Output word for word the lines from the one with "2025 Nissan Altima 2.5 SL" to the final line of the data, both ends included, but skip the pictures.

--- RECORDS PROVIDED Enclosed Below ---

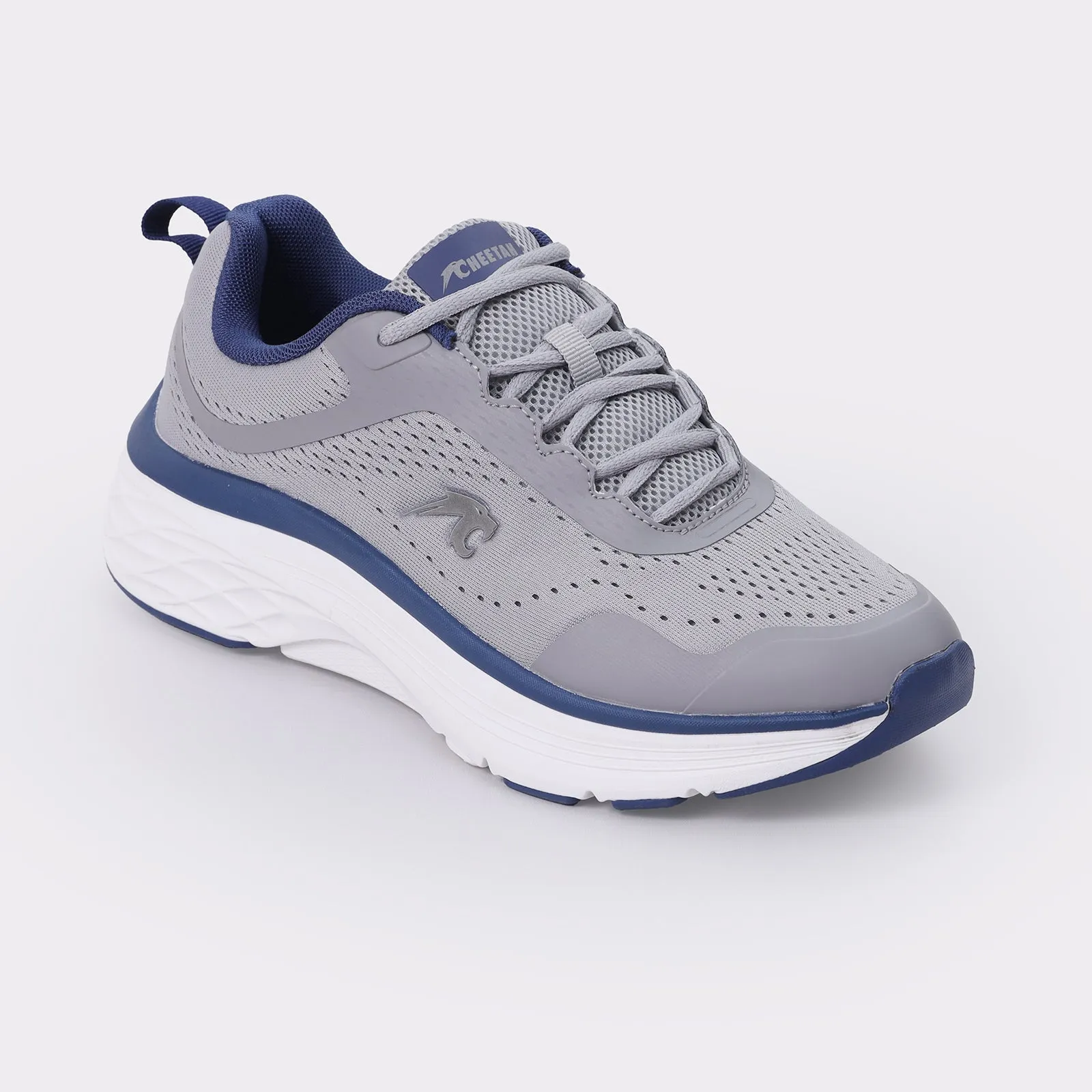 Men's smart casual sneakers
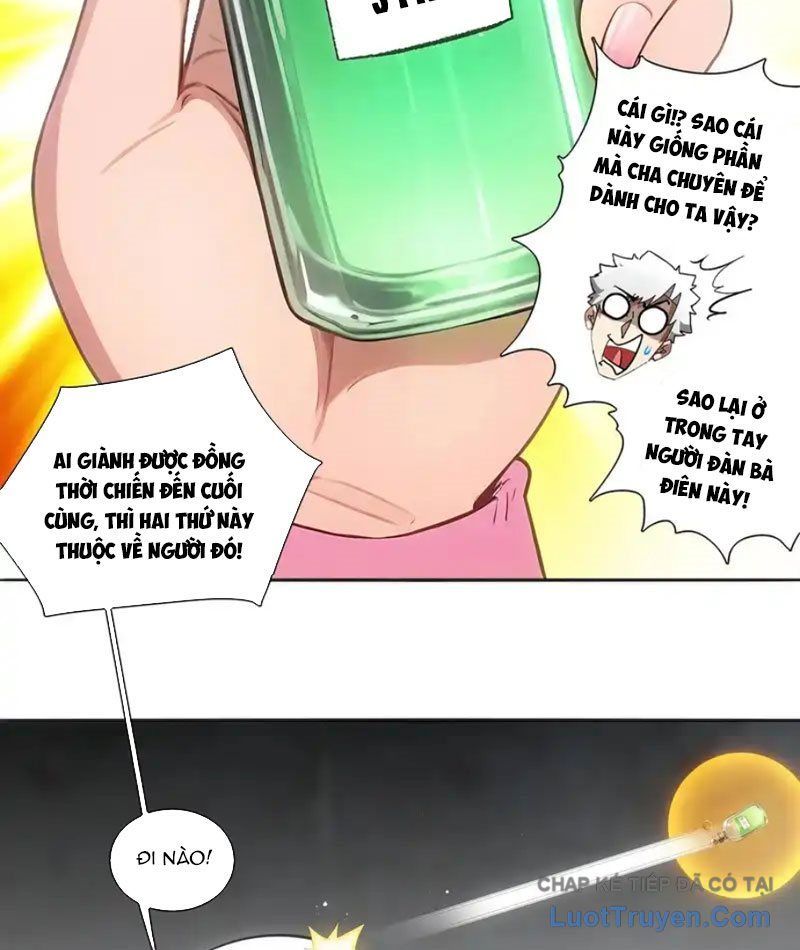 đọc truyện Tuyệt Thế Đạo Lữ Chương 427 ảnh 33 tại Thiên Thai Truyện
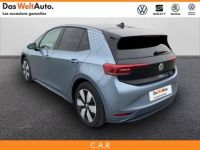 Volkswagen ID.3 204 ch Pro Performance Business - <small></small> 22.980 € <small>TTC</small> - #5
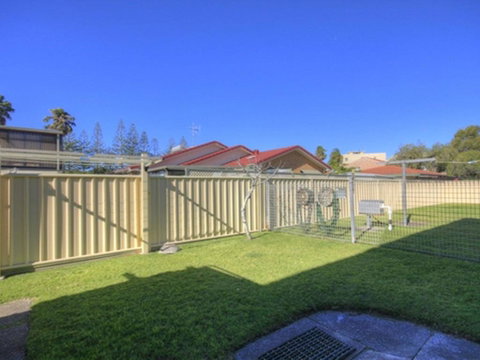 45A Wharf - Upstairs - Whitsundays Accommodation 1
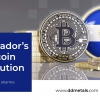 El Salvador’s Bitcoin Revolution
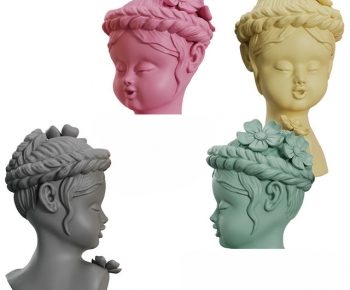 Modern Sculpture-ID:674396049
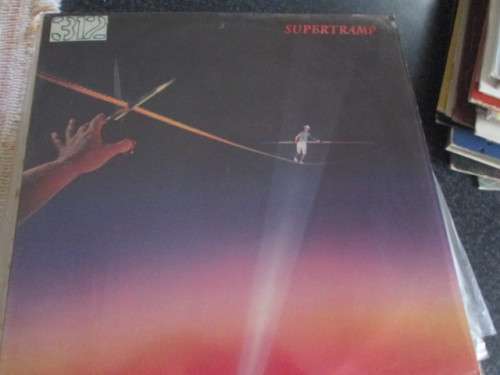 supertramp lp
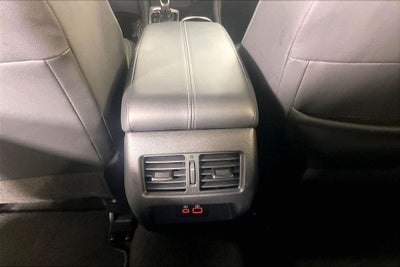 2025 Nissan Altima 2.5 SL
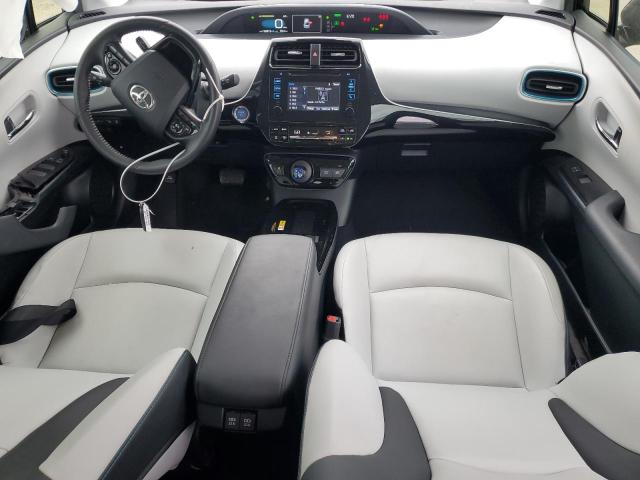 Photo 8 from auction – 2019 TOYOTA PRIUS with VIN JTDKARFU5K3094978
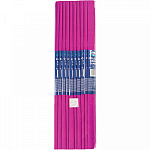 Бумага креповая Розовая 17 гр Centrum 50см*20м 89481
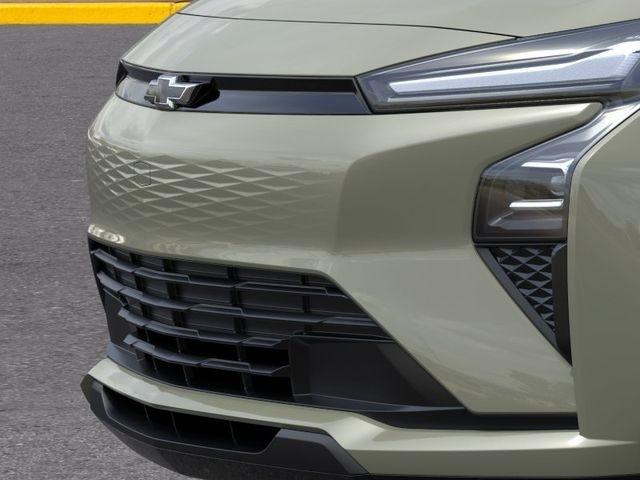 Chevrolet Bolt LT 2027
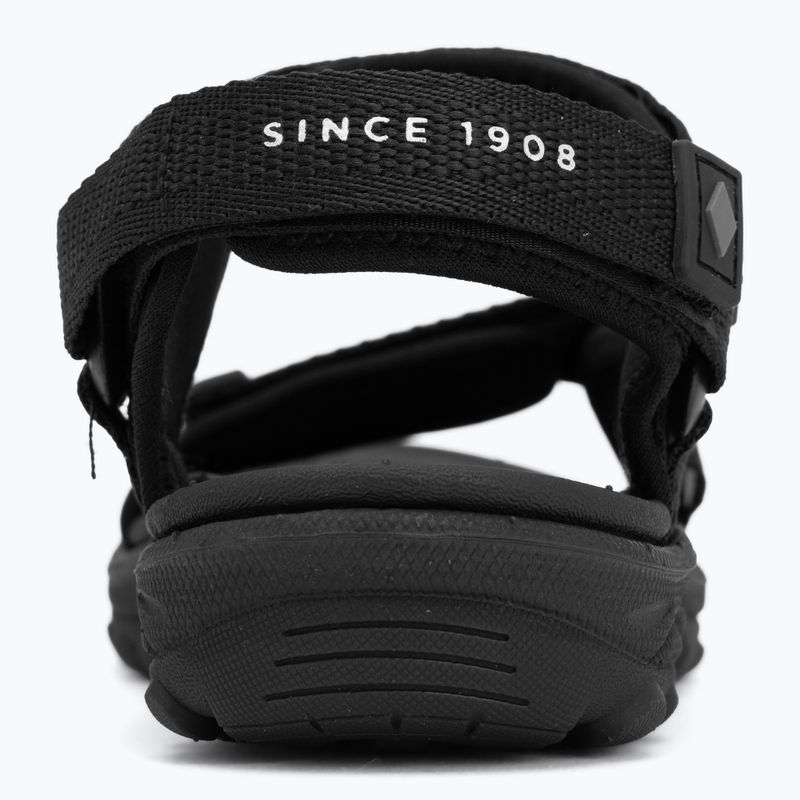 Детски сандали Lee Cooper LCW-26-34-4436K black 6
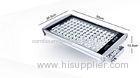 IP65 98W LED Street Light Solar Wind Power System 2 Years Warranty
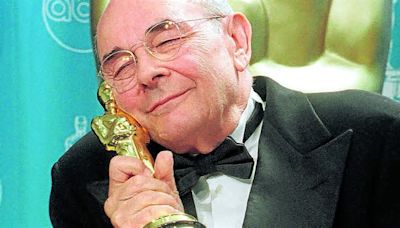 Stanley Donen y la Edad de Oro del cine musical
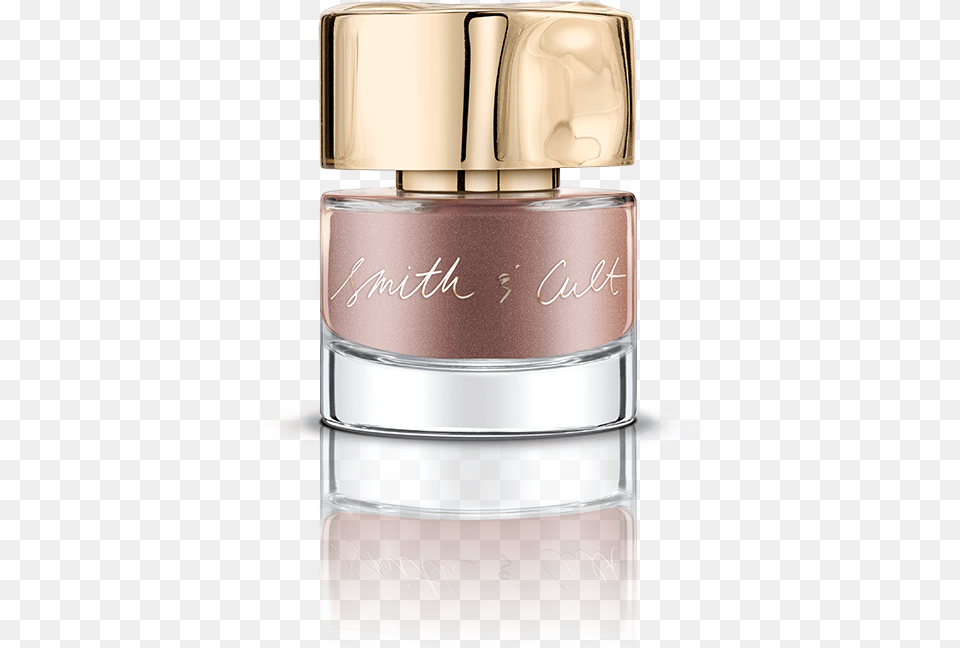 Smith And Cult Nailed Lacquer, Bottle, Cosmetics, Face, Head Png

--- End of Enclosed RECORDS PROVIDED ---

◆ ANSWER BOX ◆
 2025 Nissan Altima 2.5 SL
 Photo 8 from auction – 2019 TOYOTA PRIUS with VIN JTDKARFU5K3094978
 Бумага креповая Розовая 17 гр Centrum 50см*20м 89481
 Chevrolet Bolt LT 2027
 Детски сандали Lee Cooper LCW-26-34-4436K black 6
 IP65 98W LED Street Light Solar Wind Power System 2 Years Warranty
 Stanley Donen y la Edad de Oro del cine musical
 Smith And Cult Nailed Lacquer, Bottle, Cosmetics, Face, Head Png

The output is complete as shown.